25.08.2016 Tarihli Resmi Gazetede yayımlanan Sosyal Sigorta İşlemleri Yönetmeliğinde Değişiklik Yapılmasına İlişkin Yönetmelik ile Sosyal Sigorta İşlemleri Yönetmeliğinin 11. Maddesine aşağıdaki bent eklenmiştir.

“(7) Bu madde kapsamında Kanunun 4 üncü maddesinin birinci fıkrasının (a) bendine tabi sigortalı çalıştıran işverenler e-sigorta yoluyla yaptıkları bildirimleri bildirgede belirtilen işe giriş tarihini takip eden ilk iş günü saat 23.59’a kadar e-sigorta yoluyla iptal edebilir.”
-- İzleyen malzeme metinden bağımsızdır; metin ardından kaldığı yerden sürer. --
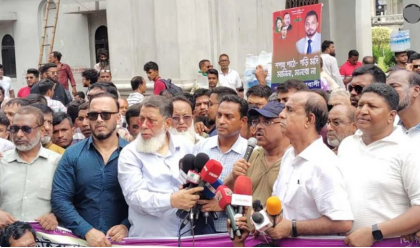 নগর ভবনের গেটে তালা, ভবনের সামনে বিক্ষোভ কর্মসূচি পালন করছেন ইশরাকপন্থীরা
[1] Özel tüketim vergisi konusuna giren malları beyan eden ve alış belgelerini ibraz edemeyen mükelleflerin bu malların beyan tarihindeki miktarı ve emsal bedeli üzerinden geçerli olan özel tüketim vergisini beyanname verme süresi içinde ayrı bir beyanname ile beyan ederek aynı süre içinde ödemeleri hâlinde bu mallar bakımından 6/6/2002 tarihli ve 4760 sayılı Özel Tüketim Vergisi Kanununun 4 üncü maddesinin (3) numaralı fıkrası hükmü uygulanmaz.

[2] KDV Kanununun 9 uncu maddesinin (2) numaralı fıkrasında; fiili ya da kaydî envanter sırasında belgesiz mal bulundurulduğunun tespiti hâlinde, bu alışlar nedeniyle, ziyaa uğratılan KDV’nin, belgesiz mal bulunduran mükelleften aranacağı, bu uygulamaya göre yapılan tarhiyata da vergi ziyaı cezası uygulanacağı hüküm altına alınmıştır.

[3] 28. Madde “Çıkma izni almak suretiyle Türk vatandaşlığını kaybeden kişilere tanınan haklar”ı düzenlemektedir.

[4] Eski tabir ile “SSK’lılar” – hizmet akdi ile çalışanlar.

[5] Emekli Sandığına tabi olanlar.

[6] Katılımcılardan;

a) En az üç yıl sistemde kalanlar Devlet katkısı hesabındaki tutarın yüzde onbeşine,

b) En az altı yıl sistemde kalanlar Devlet katkısı hesabındaki tutarın yüzde otuzbeşine,

c) En az on yıl sistemde kalanlar Devlet katkısı hesabındaki tutarın yüzde altmışına,

hak kazanır. Bireysel emeklilik sisteminden emeklilik hakkı kazananlar ile bu sistemden vefat veya malûliyet nedeniyle ayrılanlar Devlet katkısı hesabındaki tutarın tamamına hak kazanır.